Poche città sono fiere della propria storia quanto lo è Somma Vesuviana, che custodisce i documenti del suo passato con orgoglio e amore. “Summana” fa onore alla cultura vesuviana. Di
Carmine CimminoMi auguro che qualcuno stia raccogliendo il materiale per scrivere la storia delle celebrazioni per i 150 anni dell’unità nazionale. L’occasione ha prodotto di tutto: scene emozionanti, commemorazioni suggestive, le grottesche polemiche leghiste, convegni di storici autentici e di storici improvvisati, vuoti di memoria, pieni di ignoranza, carnevalate ridicole. Ma veniamo a noi.

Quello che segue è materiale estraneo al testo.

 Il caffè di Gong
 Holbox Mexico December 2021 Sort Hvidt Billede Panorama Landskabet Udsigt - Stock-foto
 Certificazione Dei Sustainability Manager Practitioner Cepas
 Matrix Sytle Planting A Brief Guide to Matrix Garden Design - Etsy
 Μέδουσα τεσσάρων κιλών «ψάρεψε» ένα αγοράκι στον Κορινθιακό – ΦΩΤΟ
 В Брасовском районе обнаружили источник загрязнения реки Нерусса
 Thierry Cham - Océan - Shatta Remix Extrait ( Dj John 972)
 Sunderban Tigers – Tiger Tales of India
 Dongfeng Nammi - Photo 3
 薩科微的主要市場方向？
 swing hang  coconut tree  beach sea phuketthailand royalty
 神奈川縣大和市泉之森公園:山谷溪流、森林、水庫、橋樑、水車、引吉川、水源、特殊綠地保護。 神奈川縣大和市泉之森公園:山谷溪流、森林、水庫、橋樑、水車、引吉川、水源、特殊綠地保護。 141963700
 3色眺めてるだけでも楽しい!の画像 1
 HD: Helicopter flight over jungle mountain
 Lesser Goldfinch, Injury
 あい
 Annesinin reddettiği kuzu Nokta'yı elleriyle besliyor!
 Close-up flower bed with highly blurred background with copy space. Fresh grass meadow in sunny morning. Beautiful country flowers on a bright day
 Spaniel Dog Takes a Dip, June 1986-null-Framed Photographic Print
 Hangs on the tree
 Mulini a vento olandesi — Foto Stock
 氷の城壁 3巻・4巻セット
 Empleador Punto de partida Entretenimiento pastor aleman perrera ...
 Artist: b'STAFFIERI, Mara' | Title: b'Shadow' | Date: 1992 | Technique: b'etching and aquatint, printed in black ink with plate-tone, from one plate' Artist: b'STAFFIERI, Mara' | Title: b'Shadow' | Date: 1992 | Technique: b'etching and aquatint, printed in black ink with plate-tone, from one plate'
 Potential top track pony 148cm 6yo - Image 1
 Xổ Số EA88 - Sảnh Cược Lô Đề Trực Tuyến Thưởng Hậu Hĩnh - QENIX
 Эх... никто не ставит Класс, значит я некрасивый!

Fino ad oggi l’ Amministrazione Comunale di Ottaviano non ha ancora celebrato gli Ottajanesi che combatterono sul Volturno e a Gaeta, e non ha ancora ricordato il ruolo che Giuseppe IV Medici, principe di Ottajano, svolse nell’autunno del 1860 per garantire un tranquillo traghettamento dell’alta burocrazia napoletana dalla bandiera borbonica a quella piemontese. Le officine di questo lavoro diplomatico furono il palazzo Miranda Medici di via Chiaia, e il Palazzo Medici in Ottajano, mete, tra l’ottobre e il dicembre di quell’anno fatale, di un fitto movimento di diplomatici piemontesi, di generali ex borbonici, di figli di generali borbonici rimasti accanto a Francesco II, di “consorti“ tornati in pompa magna da Torino, a portare libertà , unità , ecc.ecc.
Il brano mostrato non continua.